----- Data excerpt

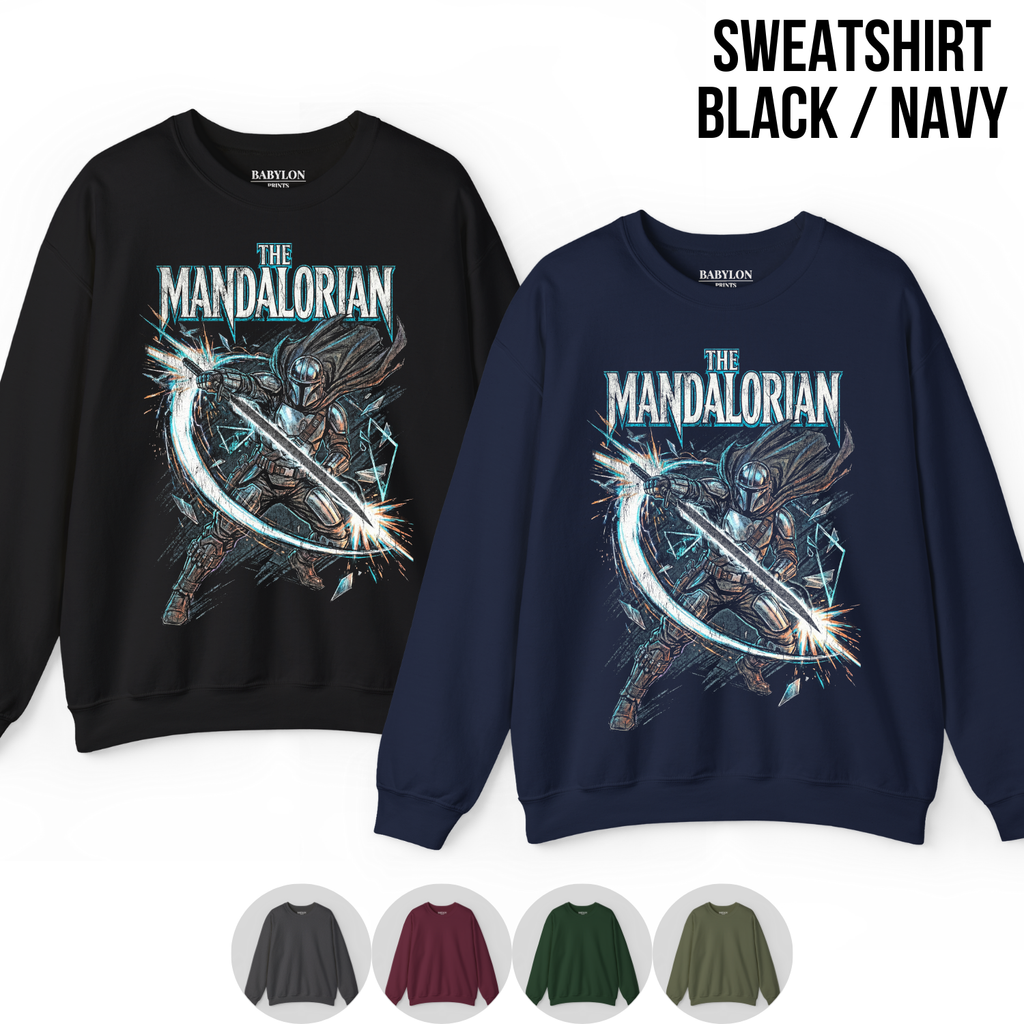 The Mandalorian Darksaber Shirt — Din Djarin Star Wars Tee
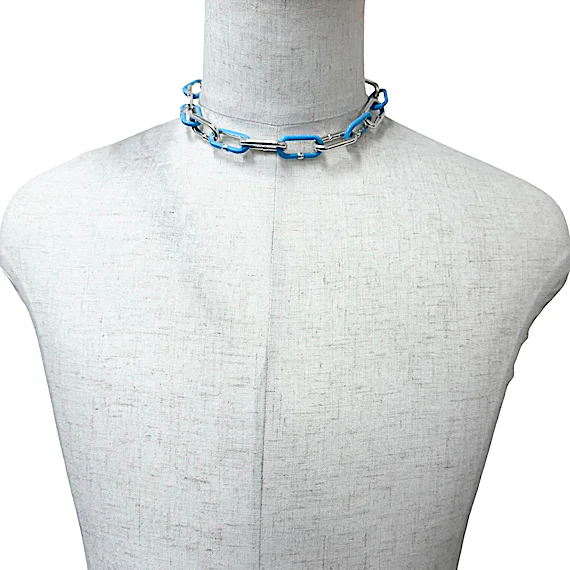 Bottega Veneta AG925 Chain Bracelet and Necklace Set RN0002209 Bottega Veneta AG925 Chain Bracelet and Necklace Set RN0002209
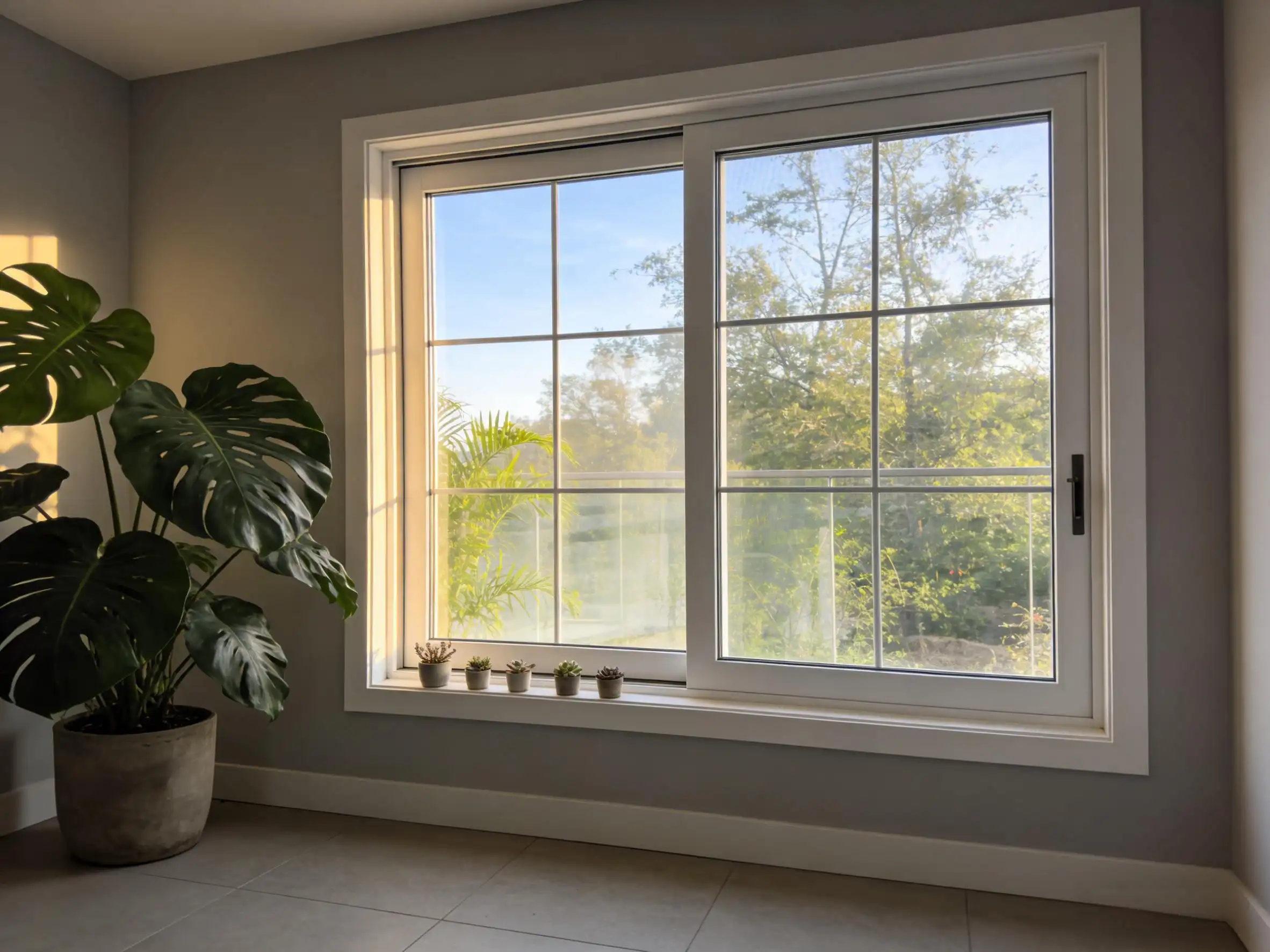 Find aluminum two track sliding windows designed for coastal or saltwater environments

----------

- [Problem statement]:
Retype each line above exactly. Leave the images out.

- [Answer box]:
 The Mandalorian Darksaber Shirt — Din Djarin Star Wars Tee
 Bottega Veneta AG925 Chain Bracelet and Necklace Set RN0002209 Bottega Veneta AG925 Chain Bracelet and Necklace Set RN0002209
 Find aluminum two track sliding windows designed for coastal or saltwater environments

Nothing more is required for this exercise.